A sua investigação explora o potencial de metodologias visuais em pesquisa, incluindo o cinema, a fotografia e o desenho, bem como a curadoria de exposições. Em 2026 foi uma das curadoras de A Guerra Guardada Visita Luanda (Instituto Camões), versão adaptada da exposição A Guerra Guardada: fotografia de soldados portugueses em Angola, Guiné-Bissau e Moçambique (1961-74), de que foi curadora com Maria José Lobo Antunes, no Museu do Aljube, Lisboa (2022). Em 2015 foi co-curadora de Uma Delicada Zona de Compromisso (UDZC), exposição a partir da obra do antropólogo, cineasta e escritor Ruy Duarte de Carvalho (1941-2010).
Concebeu o sítio virtual: www.hisfotant.org, dedicado à história da fotografia etnográfica e ao cinema em Angola numa perspectiva de longa duração.
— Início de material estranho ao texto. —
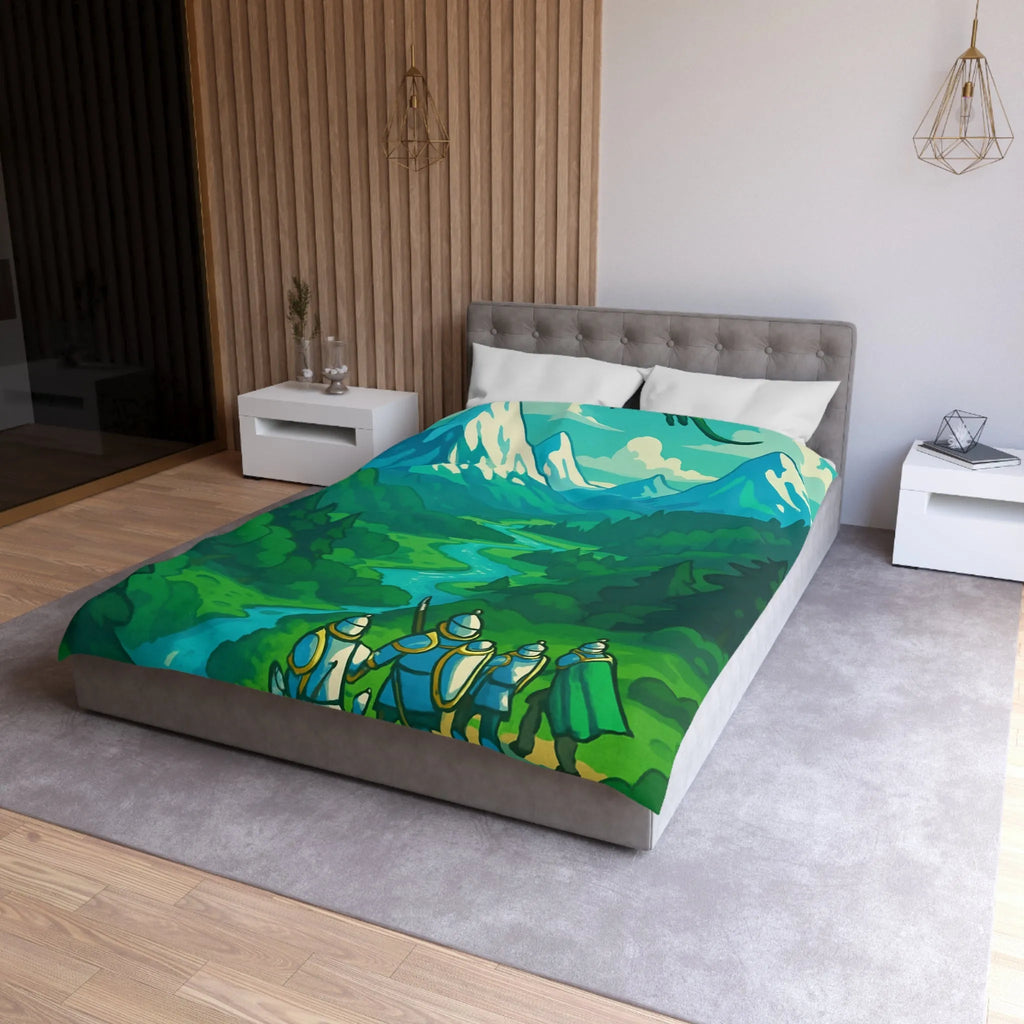 Housse de couette médiévale illustrée avec chevaliers et dragon dans paysage montagneux épique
É autora de documentários e ensaios visuais, um catálogo de museu, uma caderneta de apoio à alfabetização rural em olunyaneka, artigos em revistas com arbitragem científica, tendo ainda co-editado A Guerra Guardada (2024, Tinta da China).
Lecciona no Programa de Doutoramento em Antropologia do ICS-ULisboa (DANT). Foi docente convidada no Mestrado em Sustentabilidade e no Mestrado em Comunicação de Ciência, da Universidade de Lisboa e leccionou, em universidades nacionais e internacionais, nas áreas da cultura material, antropologia visual, metodologias visuais e realização de ficção e documentário.
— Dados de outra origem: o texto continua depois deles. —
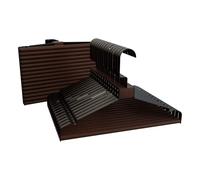 COM-FORT HOUSE | Percha Metal con Barra de Madera y Muescas | Color Negro | Antideslizantes y Resistentes | Perchas para Ropa | Ideal para Chaquetas, Pantalones o Blusas | 30 Unidades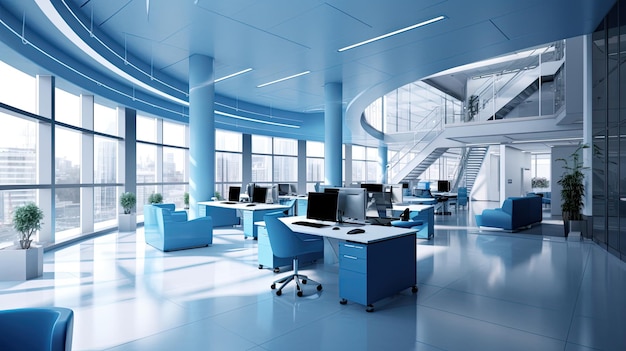 Ufficio blu Un moderno interno aziendale in toni blu con scrivania open space e architettura audace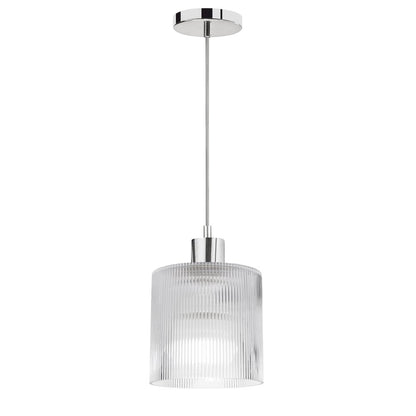 1 Light Pendant in Polished Chrome w/ Fluted Glass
As suas pesquisas foram financiadas pela FCT, pela Comissão Europeia, pela Fundação Calouste Gulbenkian e pela Cinemateca Portuguesa.
Foi investigadora pós-doutorada CEEC e Marie Curie (Comissão Europeia), e bolseira FCT de doutoramento e de pós-doutoramento. É doutorada em Antropologia Social com Meios Visuais (2015, Universidade de Manchester, Reino Unido, Bolseira da FCT), tendo defendido uma tese sobre produção local e recolha transnacional de bonecas artesanais no Sudoeste de Angola rural bem como uma versão de 63 minutos do filme Fazer pela Vida na Estação Seca [Making a Living in the Dry Season]. Possui uma pós-graduação em Realização de Documentário (2006, Universidade Lusófona) e é licenciada em Antropologia (2003, ISCTE).
Palavras-Chave: Antropologia; Pós-colonialismo; Cultura Visual; Cultura Material; Arquivos; Angola.